If you took the water resources afternoon test, did you think there were way more than 35% environmental questions? I thought it was really environmentally heavy. It was a lot harder than I expected, in fact, I ran out of time and had to guess at a couple of questions.

If you took afternoon water resources, how did you think it went and did you think it was environmentally heavy?

 
If you took the water resources afternoon test, did you think there were way more than 35% environmental questions? I thought it was really environmentally heavy. It was a lot harder than I expected, in fact, I ran out of time and had to guess at a couple of questions.If you took afternoon water resources, how did you think it went and did you think it was environmentally heavy?
I'm not familiar with that specification but remember that if they ask an engineering econ question that happens to involve a scrubber or something environmental, they probably counted it as an engineering econ question and not an environmental question. Could there have been some questions like that?

 
I didn't think that it was too heavy in environmental, the Oct. 2006 test had way more environmental, but I thought that some of the environmental questions were too indepth/involved. Maybe they were just throwing more information than we needed into the questions. I also ran out of time and ended up best guessing on 5 questions.

 
I don't remember thinking that during the exam. All I remember thinking was that at about an hour left in the afternoon session I thought my brain had turned to mush and was going to ooze out of my nose and onto my answer sheet, thereby invalidating my answers. I'm sure a proctor would have told me to clean it up.

 
That's OK, I'm sure next time there will be to much geotech...

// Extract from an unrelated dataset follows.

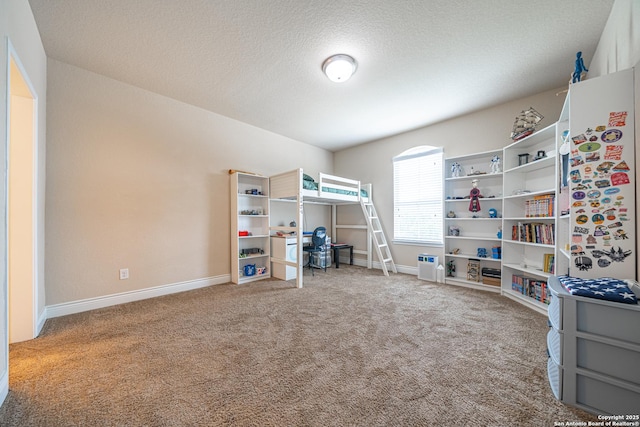 bedroom featuring baseboards, a textured ceiling, and carpet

:f_115m_e45d7af: <--- what the heck is this supposed to be?

 
Beth --

I think if you look over the specifications for water resources and environmental, you might find a little overlap. For instance, water treatment is considered water resources while wastewater treatment is considered environmental. I think it is very easy to interchange some of the problems between environmental and water resources.

One other factor that seems to support the notions is that NCEES has respecified the exam to merge water resources and environmental.

While it may have seen overly grueling on environmental, I hope you still did well Beth.